Provided material
★ ★ ★ ★ ★

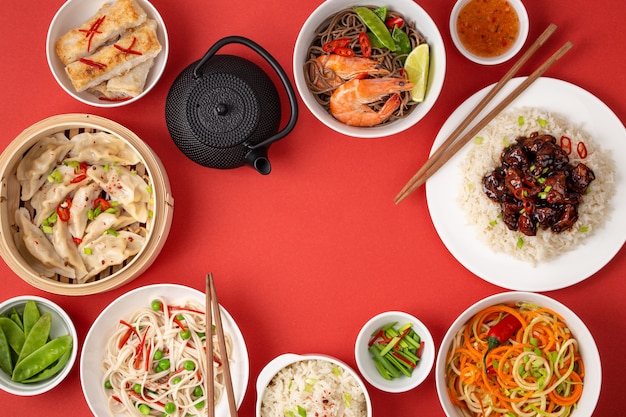 Foto pratos variados da cozinha tradicional chinesa em fundo vermelho: frango agridoce com arroz, bolinhos, pãezinhos fritos, macarrão e chaleira. conceito de comida asiática, vista de cima, espaço para texto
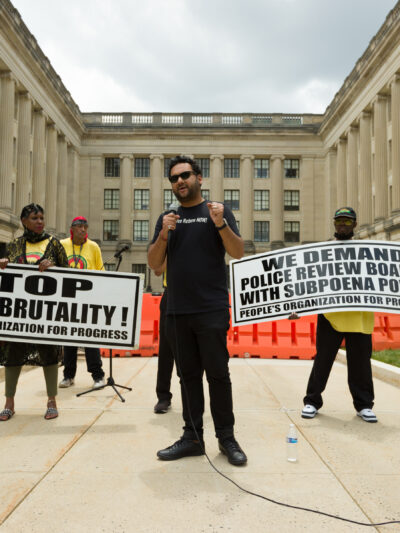 Amol SInha is speaking into a microphone at the State House. Two people are standing behind him holding signs that read "stop police brutality" and "we demand  police review boards with subpoena power"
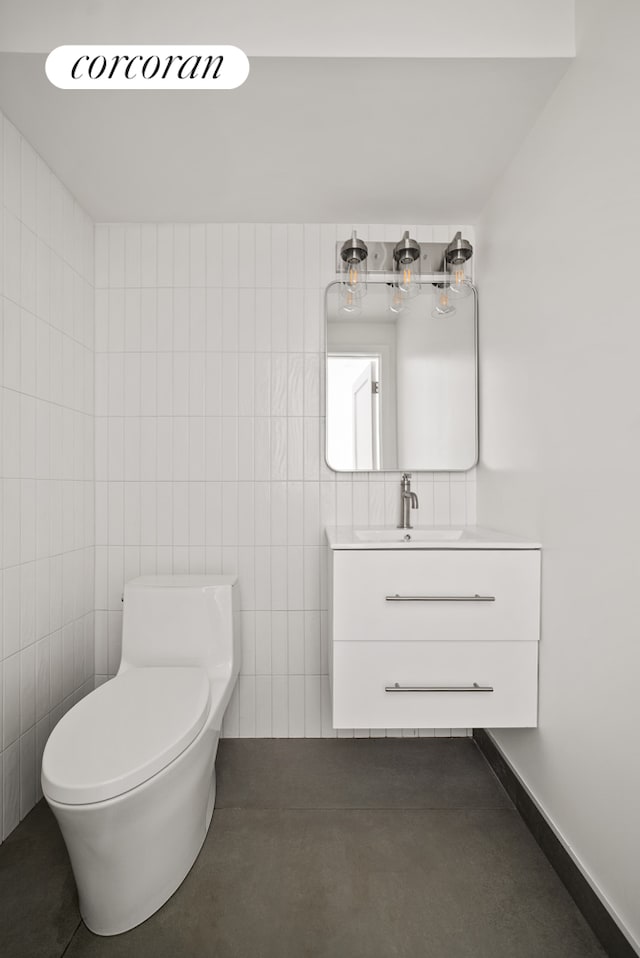 291 6th Ave Unit 1, New York City, NY 11215 - bathroom with vanity and tile walls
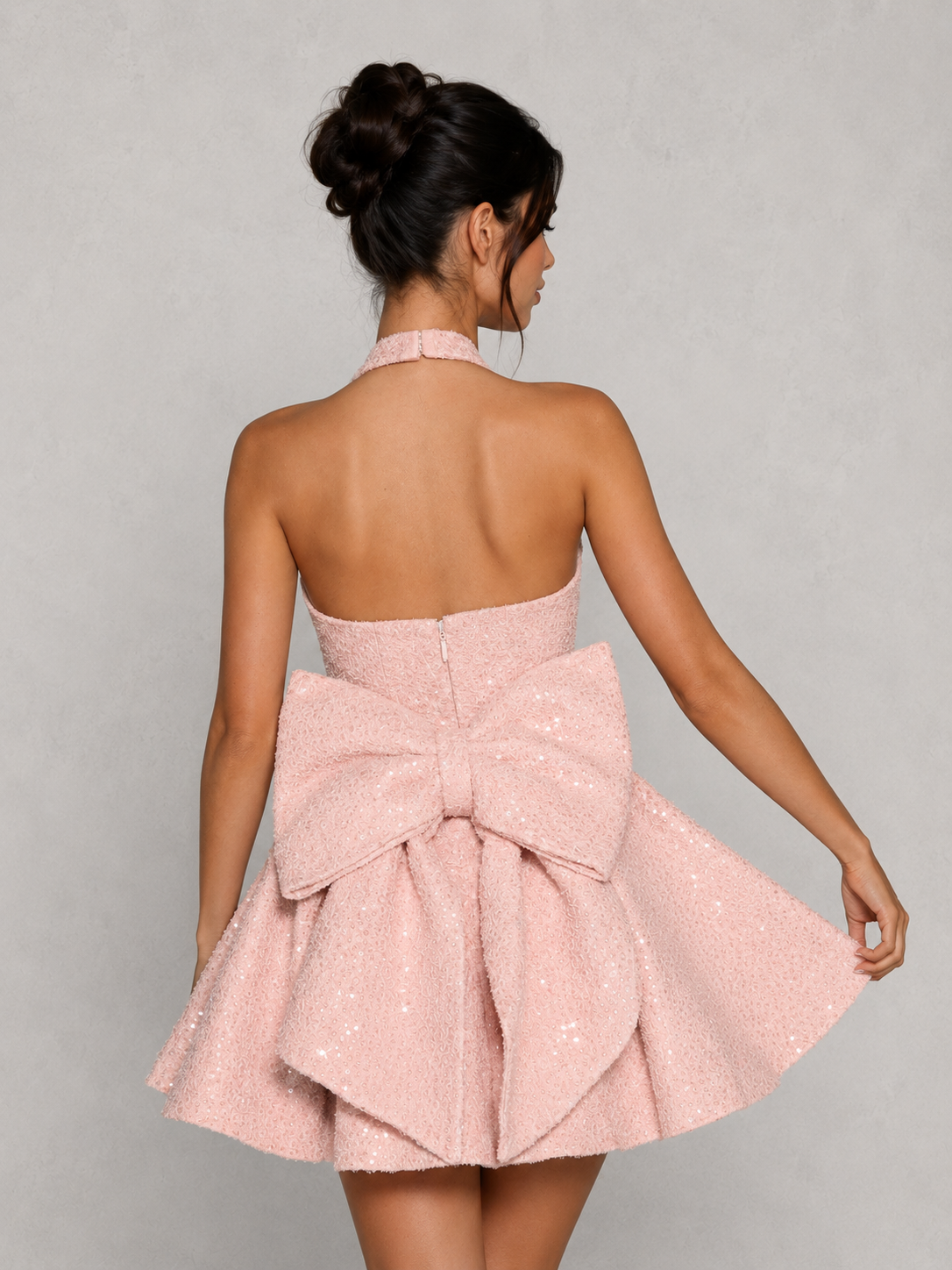 Women’s sequin tweed mini dress featuring a halter neckline, structured mono-underwire bodice, full circular skirt, and oversized detachable bow at the back, designed for parties, weddings, and special occasions.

★ ★ ★ ★ ★

Your assignment
Skipping all pictures, set the listing down exactly as written.

Written solution
 Foto pratos variados da cozinha tradicional chinesa em fundo vermelho: frango agridoce com arroz, bolinhos, pãezinhos fritos, macarrão e chaleira. conceito de comida asiática, vista de cima, espaço para texto
 Amol SInha is speaking into a microphone at the State House. Two people are standing behind him holding signs that read "stop police brutality" and "we demand  police review boards with subpoena power"
 291 6th Ave Unit 1, New York City, NY 11215 - bathroom with vanity and tile walls
 Women’s sequin tweed mini dress featuring a halter neckline, structured mono-underwire bodice, full circular skirt, and oversized detachable bow at the back, designed for parties, weddings, and special occasions.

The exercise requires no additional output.